Effect of pseudospin polarization on wave packet dynamics in graphene antidot lattices (GALs) in the presence of a normal magnetic field

TL;DR

This paper explores how pseudospin polarization influences electron wave packet dynamics in graphene and graphene antidot lattices under magnetic fields, revealing tunable electron transport properties.

Contribution

It demonstrates control of electron wave packet propagation via pseudospin polarization and antidot lattice engineering in graphene systems.

Findings

Wave packet propagation depends on pseudospin polarization.

Propagation can be directed by antidot lattice design.

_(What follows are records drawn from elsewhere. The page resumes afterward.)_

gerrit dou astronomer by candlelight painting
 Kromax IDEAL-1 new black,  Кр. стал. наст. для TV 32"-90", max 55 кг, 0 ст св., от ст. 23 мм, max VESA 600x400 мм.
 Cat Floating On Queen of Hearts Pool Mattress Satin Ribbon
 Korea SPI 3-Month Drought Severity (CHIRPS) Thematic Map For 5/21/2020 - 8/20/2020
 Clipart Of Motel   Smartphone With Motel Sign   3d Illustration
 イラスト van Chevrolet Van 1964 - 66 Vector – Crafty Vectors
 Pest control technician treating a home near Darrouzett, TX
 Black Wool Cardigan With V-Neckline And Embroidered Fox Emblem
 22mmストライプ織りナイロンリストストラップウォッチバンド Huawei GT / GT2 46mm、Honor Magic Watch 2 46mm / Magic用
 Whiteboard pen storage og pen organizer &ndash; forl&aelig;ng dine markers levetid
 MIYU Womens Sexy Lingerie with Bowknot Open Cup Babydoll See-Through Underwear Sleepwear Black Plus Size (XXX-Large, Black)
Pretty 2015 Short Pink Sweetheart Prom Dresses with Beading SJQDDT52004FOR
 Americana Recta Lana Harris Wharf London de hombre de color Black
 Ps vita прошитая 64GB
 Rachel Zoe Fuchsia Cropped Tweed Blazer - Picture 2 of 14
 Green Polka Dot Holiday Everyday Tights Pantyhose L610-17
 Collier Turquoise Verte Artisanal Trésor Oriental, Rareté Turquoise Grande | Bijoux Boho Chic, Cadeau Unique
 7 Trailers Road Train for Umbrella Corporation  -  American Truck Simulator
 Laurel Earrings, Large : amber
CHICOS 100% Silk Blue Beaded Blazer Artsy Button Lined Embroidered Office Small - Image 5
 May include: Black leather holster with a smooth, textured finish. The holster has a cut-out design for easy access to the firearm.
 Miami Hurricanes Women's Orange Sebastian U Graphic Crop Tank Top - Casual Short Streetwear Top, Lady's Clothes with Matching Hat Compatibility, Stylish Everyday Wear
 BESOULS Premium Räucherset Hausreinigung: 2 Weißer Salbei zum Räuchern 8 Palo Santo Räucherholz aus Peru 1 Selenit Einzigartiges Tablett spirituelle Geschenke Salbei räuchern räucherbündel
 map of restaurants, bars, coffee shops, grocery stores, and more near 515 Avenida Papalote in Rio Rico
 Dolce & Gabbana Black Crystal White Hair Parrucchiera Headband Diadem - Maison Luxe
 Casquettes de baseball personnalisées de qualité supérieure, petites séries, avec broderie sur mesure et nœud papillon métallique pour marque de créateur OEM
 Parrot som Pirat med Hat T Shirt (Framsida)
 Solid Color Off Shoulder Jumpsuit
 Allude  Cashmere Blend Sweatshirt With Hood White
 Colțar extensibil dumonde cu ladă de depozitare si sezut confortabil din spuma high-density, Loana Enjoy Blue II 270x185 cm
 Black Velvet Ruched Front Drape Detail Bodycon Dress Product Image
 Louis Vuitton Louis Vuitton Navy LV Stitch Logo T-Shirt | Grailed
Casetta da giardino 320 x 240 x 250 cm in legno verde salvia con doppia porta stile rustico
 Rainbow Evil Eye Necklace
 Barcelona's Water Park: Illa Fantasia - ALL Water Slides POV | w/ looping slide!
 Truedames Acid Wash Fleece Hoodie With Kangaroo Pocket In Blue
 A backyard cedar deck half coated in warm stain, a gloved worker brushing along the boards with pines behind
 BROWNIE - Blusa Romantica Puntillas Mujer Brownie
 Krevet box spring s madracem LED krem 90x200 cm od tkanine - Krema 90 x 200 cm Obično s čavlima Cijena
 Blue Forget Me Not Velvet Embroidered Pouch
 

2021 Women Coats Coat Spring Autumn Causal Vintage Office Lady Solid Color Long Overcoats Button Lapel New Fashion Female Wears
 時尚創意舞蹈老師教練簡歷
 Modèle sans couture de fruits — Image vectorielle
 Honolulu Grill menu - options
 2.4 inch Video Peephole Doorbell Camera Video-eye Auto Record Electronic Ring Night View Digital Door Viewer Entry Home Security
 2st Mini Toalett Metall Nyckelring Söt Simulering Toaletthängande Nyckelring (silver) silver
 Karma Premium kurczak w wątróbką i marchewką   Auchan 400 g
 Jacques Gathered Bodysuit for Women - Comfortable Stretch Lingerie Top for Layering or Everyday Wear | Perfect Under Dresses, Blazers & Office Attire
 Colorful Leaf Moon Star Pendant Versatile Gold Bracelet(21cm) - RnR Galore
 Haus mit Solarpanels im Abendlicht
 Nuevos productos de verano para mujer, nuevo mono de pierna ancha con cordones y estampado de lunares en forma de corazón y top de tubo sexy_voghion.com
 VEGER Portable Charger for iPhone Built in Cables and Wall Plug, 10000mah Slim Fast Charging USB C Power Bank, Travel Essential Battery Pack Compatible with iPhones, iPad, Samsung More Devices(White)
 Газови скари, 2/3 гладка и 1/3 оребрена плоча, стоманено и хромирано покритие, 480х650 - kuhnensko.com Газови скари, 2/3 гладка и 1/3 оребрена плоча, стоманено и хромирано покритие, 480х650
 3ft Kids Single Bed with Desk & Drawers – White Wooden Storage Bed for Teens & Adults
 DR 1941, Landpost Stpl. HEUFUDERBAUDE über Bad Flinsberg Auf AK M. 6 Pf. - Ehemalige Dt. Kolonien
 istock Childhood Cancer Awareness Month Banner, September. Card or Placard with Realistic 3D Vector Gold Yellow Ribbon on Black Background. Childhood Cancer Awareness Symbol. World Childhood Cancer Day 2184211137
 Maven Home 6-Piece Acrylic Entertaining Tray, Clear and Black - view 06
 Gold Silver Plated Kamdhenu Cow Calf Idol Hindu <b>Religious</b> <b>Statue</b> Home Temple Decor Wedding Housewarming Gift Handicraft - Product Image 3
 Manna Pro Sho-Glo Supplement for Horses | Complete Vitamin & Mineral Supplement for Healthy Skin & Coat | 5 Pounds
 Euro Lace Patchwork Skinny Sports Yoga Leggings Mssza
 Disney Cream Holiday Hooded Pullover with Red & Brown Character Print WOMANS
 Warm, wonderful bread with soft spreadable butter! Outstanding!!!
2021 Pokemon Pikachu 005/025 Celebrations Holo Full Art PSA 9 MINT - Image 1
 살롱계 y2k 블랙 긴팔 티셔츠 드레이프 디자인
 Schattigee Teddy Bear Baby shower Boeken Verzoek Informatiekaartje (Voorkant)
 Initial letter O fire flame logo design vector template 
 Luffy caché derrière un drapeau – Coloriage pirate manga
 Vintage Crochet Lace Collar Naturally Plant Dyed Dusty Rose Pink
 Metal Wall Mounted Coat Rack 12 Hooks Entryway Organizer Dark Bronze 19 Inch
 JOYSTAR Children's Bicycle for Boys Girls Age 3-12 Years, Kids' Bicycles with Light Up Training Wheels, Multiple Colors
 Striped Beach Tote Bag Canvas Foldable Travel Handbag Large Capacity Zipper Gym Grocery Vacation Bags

Electron transport tunability is achieved through pseudospin and magnetic field.

Abstract

We have investigated the role of pseudospin polarization in electron wave packet dynamics in pristine graphene and in a graphene antidot lattice subject to an external magnetic field. Employing a Green's function formalism, we show that the electron dynamics can be controlled by tuning pseudospin polarization. We find that in Landau quantized pristine graphene both the propagation of an electron wave packet and Zitterbewegung oscillations strongly depend on pseudospin polarization. The electron wave packet is found to propagate in the direction of initial pseudospin polarization. We also show that, in this system, the propagation of an electron can be enhanced in any desired direction by carving a one dimensional antidot lattice in that direction. The study suggests that a graphene antidot lattice can serve as a channel for electron transport with the possibility of tunability by means of pseudospin polarization, antidot potential and applied normal magnetic field strength.